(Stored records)
•••••

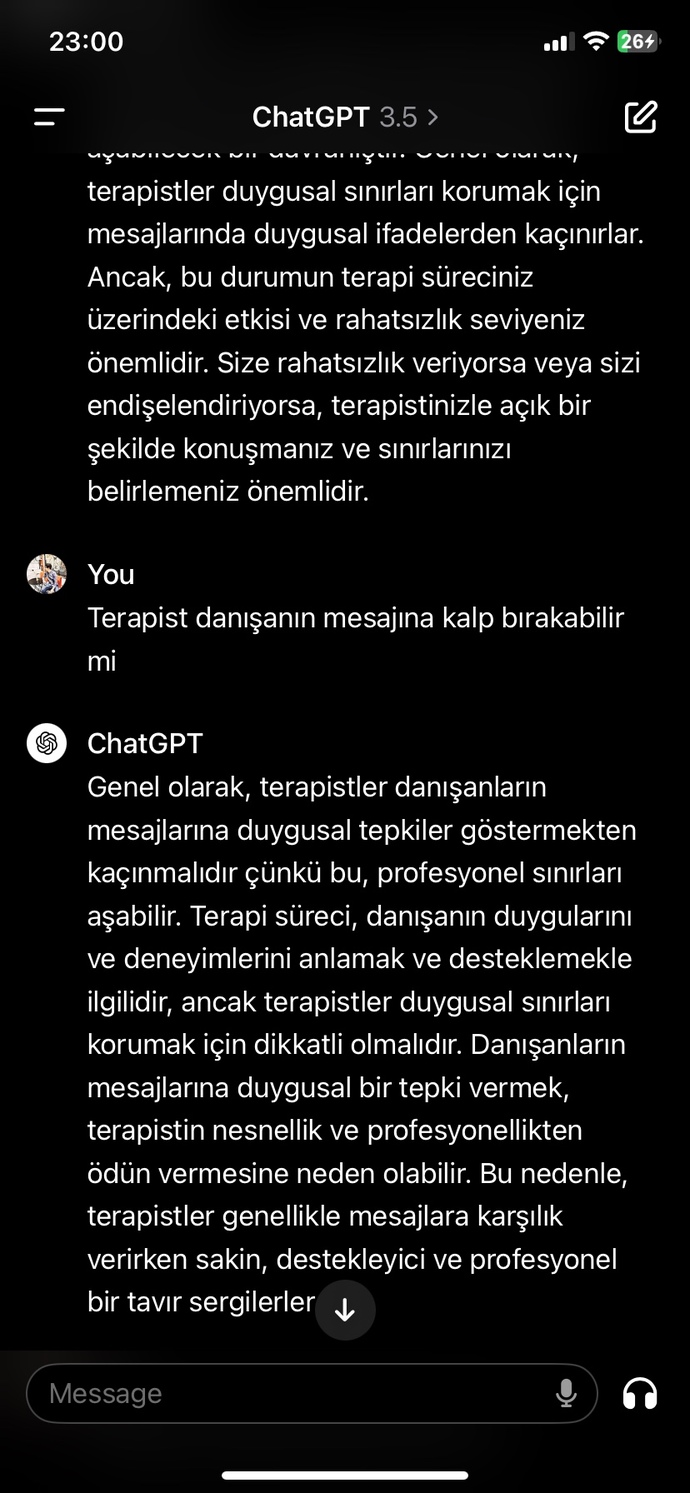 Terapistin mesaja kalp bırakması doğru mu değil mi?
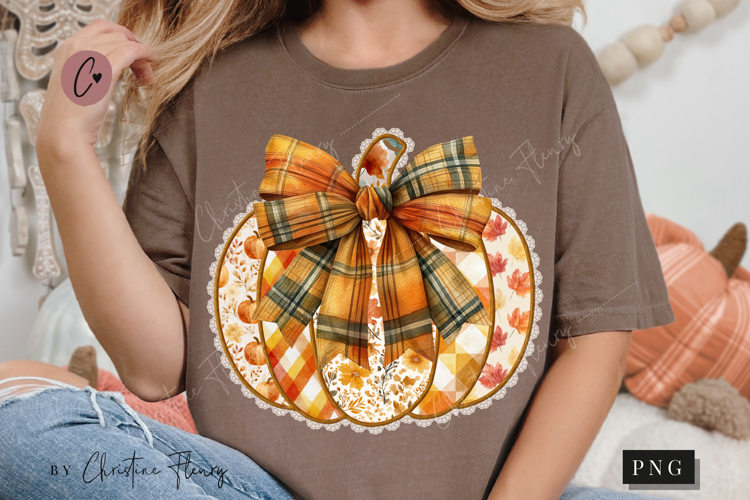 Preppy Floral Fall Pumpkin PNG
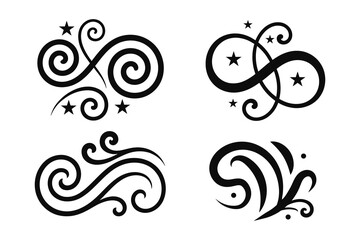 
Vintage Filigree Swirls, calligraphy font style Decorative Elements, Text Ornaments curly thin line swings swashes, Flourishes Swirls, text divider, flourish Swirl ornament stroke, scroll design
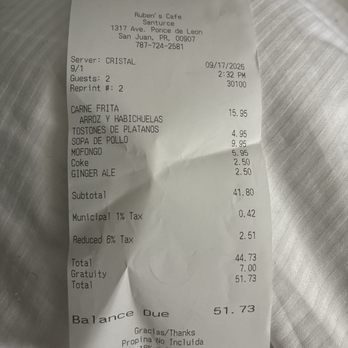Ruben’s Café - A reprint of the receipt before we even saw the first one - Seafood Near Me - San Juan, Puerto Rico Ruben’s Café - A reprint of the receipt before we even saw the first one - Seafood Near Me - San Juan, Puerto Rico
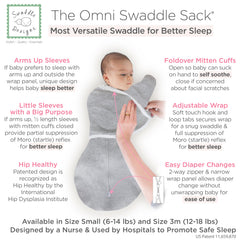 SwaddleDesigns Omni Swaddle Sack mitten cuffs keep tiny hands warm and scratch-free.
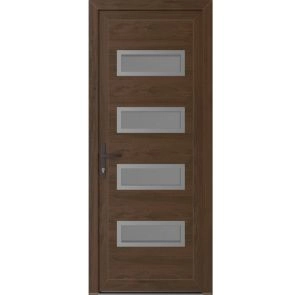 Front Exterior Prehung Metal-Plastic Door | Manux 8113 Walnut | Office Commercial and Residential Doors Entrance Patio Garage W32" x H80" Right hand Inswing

•••••

Your goal:
Beginning with the first line of the entries above, repeat each line word for word until the line with "Vintage Filigree Swirls, calligraphy" has been given too. Omit the pictures.

Response box:
 Terapistin mesaja kalp bırakması doğru mu değil mi?
 Preppy Floral Fall Pumpkin PNG
Vintage Filigree Swirls, calligraphy font style Decorative Elements, Text Ornaments curly thin line swings swashes, Flourishes Swirls, text divider, flourish Swirl ornament stroke, scroll design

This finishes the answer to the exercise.